Healthcare Reform: Whatever Happened to Access to Affordable, Quality Care?
As the rhetorical debate heats up on healthcare, much of it centers on the cost of reform and its impact on our ever-growing deficit. A few months ago, at the heart of the reform movement (as I understood the Obama Administration), was the idea that every American would have access to affordable, quality healthcare, which, to some people, is a right not just a privilege. In essence, such reform would change the healthcare delivery model, ideally bringing care, including preventative and chronic condition management care for such diseases as diabetes, to all Americans.
According to an interview on American Public Radio's July 28 Marketplace with George Halvorson, CEO of Kaiser Permanente, the healthcare reform movement has shifted focus to cost containment and away from Obama's original goals of Americans having affordable access to quality care. Halverson noted that if everyone has access to quality care to support preventive measures, it could save the country substantial costs later on. Halvorson explained that only 8% of diabetics currently get all of the care that they need (note that the radio piece did not differentiate between Type 1 and Type 2 diabetics). Halvorson went on to say that if the U.S. could get 80% of our diabetic citizens the proper care that they needed now, when they need it, the rate of kidney failure would be cut in half later, thus reducing the costs of caring for those with renal failure.
Yet it seems that, with every passing day, we migrate away from those core goals of affordability, accessibility, and quality in favor of only cost. Not that cost doesn't matter; with a national debt reaching a dizzying amount of $11.7 trillion, it must be a consideration.
The system as it stands today is not affordable, with one in seven Americans without health insurance, and an estimated 2.4 Americans having lost health insurance since the recession began. Furthermore, third-party insurers increasingly deny more and more claims, even for those that pay them hundreds a month to be "insured" and have costs covered. It's taken me months to try to get approximately two thousand dollars of allowable costs reimbursed for my son's diabetes care, from payments for out-of-network practitioners to prescription reimbursements, and I'm not even 50% of the way there, having spent hours photocopying, sending, faxing, or on the phone making inquiries about the status of my reimbursement.
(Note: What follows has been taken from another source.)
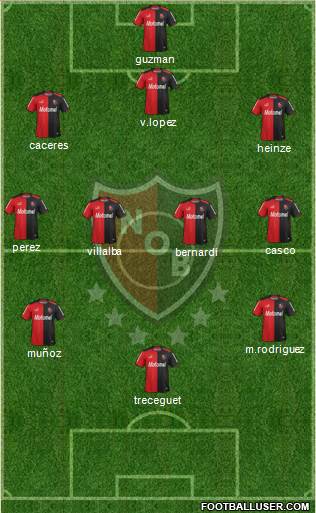 Newell's Old Boys Formation 2013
If I "billed" the insurance company the time I'd spent trying to figure out my reimbursement, I'd be ready to retire.
I admit, I wearied of the inconvenience and inaccessibility of American healthcare long before our family began our diabetes adventure. I stepped "off the grid" several years ago and found a family doctor who provides accessible primary care affordably. The catch: I need to pay out of pocket. The practice, DocTalker Family Medicine, takes no insurance. It was an easy decision to make for me: the practice offers its patients 24/7 access to their medical team for anything from phone-in questions to urgent-care office visits to a house call, therefore paying for the convenience and subsequent doctor-patient relationship was an easy choice for me. The office bases its fees on the time a patient spends with a practitioner, with 10 minutes costing roughly $45.
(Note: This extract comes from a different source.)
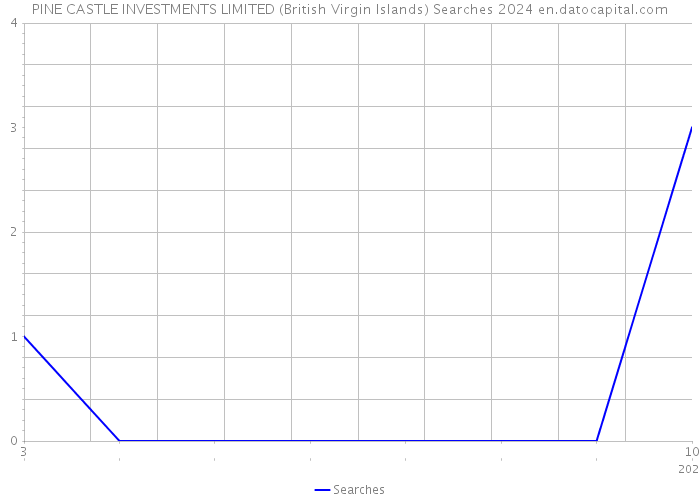 PINE CASTLE INVESTMENTS LIMITED (British Virgin Islands) Searches 2024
It is this same team of doctors that helped me and my husband during the time that we made our son's diabetes diagnosis. Our family had been visiting New York City right after the Christmas holiday and my husband and I were concerned about the possibility of our son displaying come of the classic symptoms of Type 1. I contacted our doctor, Alan Dappen, via email Sunday morning. Not more than two hours later, Dr. Dappen called my cell phone while I was walking the streets of Manhattan (looking for a snack yet again for my famished child). He wanted to discuss my son's symptoms, gauge the situation's urgency and determine the plan of action. My cost for the phone call? $45. I frankly would have paid a lot more for the medical guidance offered so quickly and during off-hours. (In the interest of full disclosure, I joined the practice's team about a year ago.)
There is no doubt that cost should be carefully considered as we as a Nation seek to reform our very broken healthcare system. But shouldn't we also return to some of the core objectives that are should be sought with this reform, namely affordability, accessibility and quality?
Of course, if we look hard enough, maybe some of us can find that affordable, accessible and quality care solutions already exist out there, if only we are willing to pay a fair and honest price to our doctors rather than the hidden costs of a broken health care insurance system which has more interest in today's bottom line than our long-term health.